Among the Italian records there is one that we would have gladly done without: we are first in terms of number of young people who do not work or study, the so-called Neet (neither in employment nor in education or training). 2021 data from Eurostat they are rather alarming: young people who are not employed and not in education and training in the 15-29 age group have jumped – due to COVID – to 23.3% of the total of that generational segment. Greece, Bulgaria, Romania and Croatia do better than us. The most virtuous are the Netherlands (4.3%) and Sweden (7%).
The data is alarming because it involves several aspects. In addition to the economic one, inactivity is one a condition of discomfort and exclusion which deprives children of the hope of a future and planning (starting a family, buying a house, etc.). The phenomenon affects many categories: from the recent graduate who is looking for a job in line with his expectations (before eventually realigning himself downwards with what the market offers), to the young person who left his studies early, slipped into a spiral of marginality and demotivation. .
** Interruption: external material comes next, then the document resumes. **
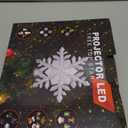 Christmas Tree Topper Lighted with 6 Projection Slides, PliMook Snowflake Christmas Tree Topper LED Rotating 3D Lighted Tree Toppers Glitter Tree Topper Projector for Christmas Tree(Silver)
How to intervene on the phenomenon of young Neet
What can be done to stem and prevent such a deep-rooted and structural phenomenon? To prevent entry into the condition of Neet, according to many analysts, it is necessary to prevent and combat early school leaving and to support measures such as school-work alternation which have a long and deep-rooted history in the countries of central and northern Europe and which are instead very recent and still insufficient here. But also policies capable of supporting the process of emancipation of young people from families, with public supports that allow them to live alone, study and train without having to depend on family resources. The question that many are asking – in the light of the debate on Basic income – is whether subsidies and incentives are in fact a chronic form of welfare that actually discourages employment.
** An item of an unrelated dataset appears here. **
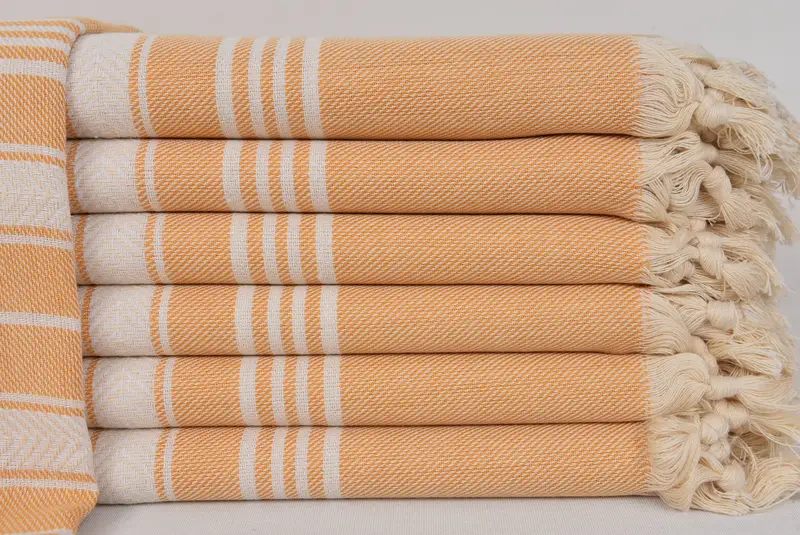 Lightweight Turkish towel, Handwoven Turkish bath towel, Peshtemal Towel, 70x40 Cotton Herringbone Towel, Custom Wedding Gifts, Bachelor Gift - 2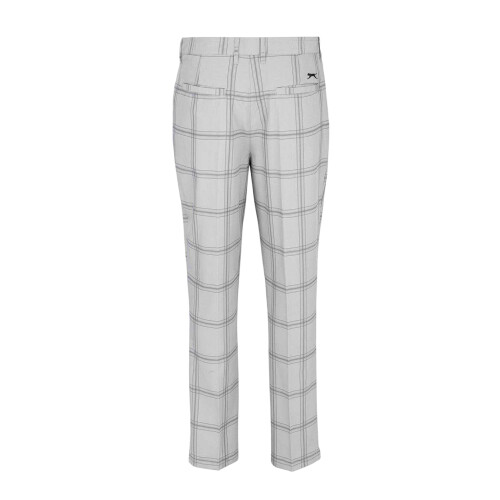 Slazenger (29R, Grey) Slazenger Mens Checked Golf Trousers 1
The French “Contrat d’Engagement Jeune”
France is bucking the trend. From March 2022, announced by Macron himself, the Commitment contract, a monthly allowance of 500 euros to all children who do not study and do not work paid for the duration of one year to all children with a monthly income of less than 497.50 euros. The beneficiaries of the new “Youth Engagement Contract»Will be boys aged between 16 and 25, an audience of 400 thousand young people, collateral victims of the pandemic, which in the last year has seen a decrease in recruitment under 30 equal to 77% and an increase in people enrolled in the Pôle emploi (the employment office) of 36%.
Those who receive it will have to undertake to attend a training course (from 15 to 20 hours per week) to learn a trade, train, find an apprenticeship or a job, thus intercepting the “hundreds of thousands of jobs” that according to Macron are available as of now in France. Public support will be stopped in the event of ‘non-compliance with commitments’ or ‘unjustified refusal’ of a job or training offer.
In Spain, a bonus of 250 euros for under 35s
A bonus of € 250 per month for under 35s to help them pay the rent and a € 400 voucher for cultural expenses reserved for 18-year-olds. It is a budget law announced by Prime Minister Sanchez, which will be brought to the Parliament of Madrid in the next few days. An “anti-baby” measure (Sanchez’s words) that intends to favor the autonomy of young Spaniards who on average leave their homes at 29, well above the European average of 26, and in line with the Italian one, which has risen to 30.
The Employability Guarantee Program (GOL) arrives in Italy
In our country there is very little for young people, if we exclude the Bonus Culture, restricted to all those who have turned 18 in 2020. But there is something new on the front of employment policies. With the 2022 Budget Law, approved a few days ago by the Council of Ministers, the audience of subjects who will be able to access the new program is widening Employability Guarantee for Workers (GOL): the government’s maxi plan aimed at relaunching active employment policies financed mainly thanks to the resources of the Recovery Plan.
Taking charge, profiling, training and relocation of the unemployed and people in transition are the objectives of the new tool, with the aim of involving at least 3 million people by 2025. Of these, at least 75% must be women, unemployed long-term, people with disabilities, young people under 30, workers over 55. In addition, at least 800 thousand beneficiaries must be engaged in training activities, of which at least 300 thousand in courses to strengthen their digital skills.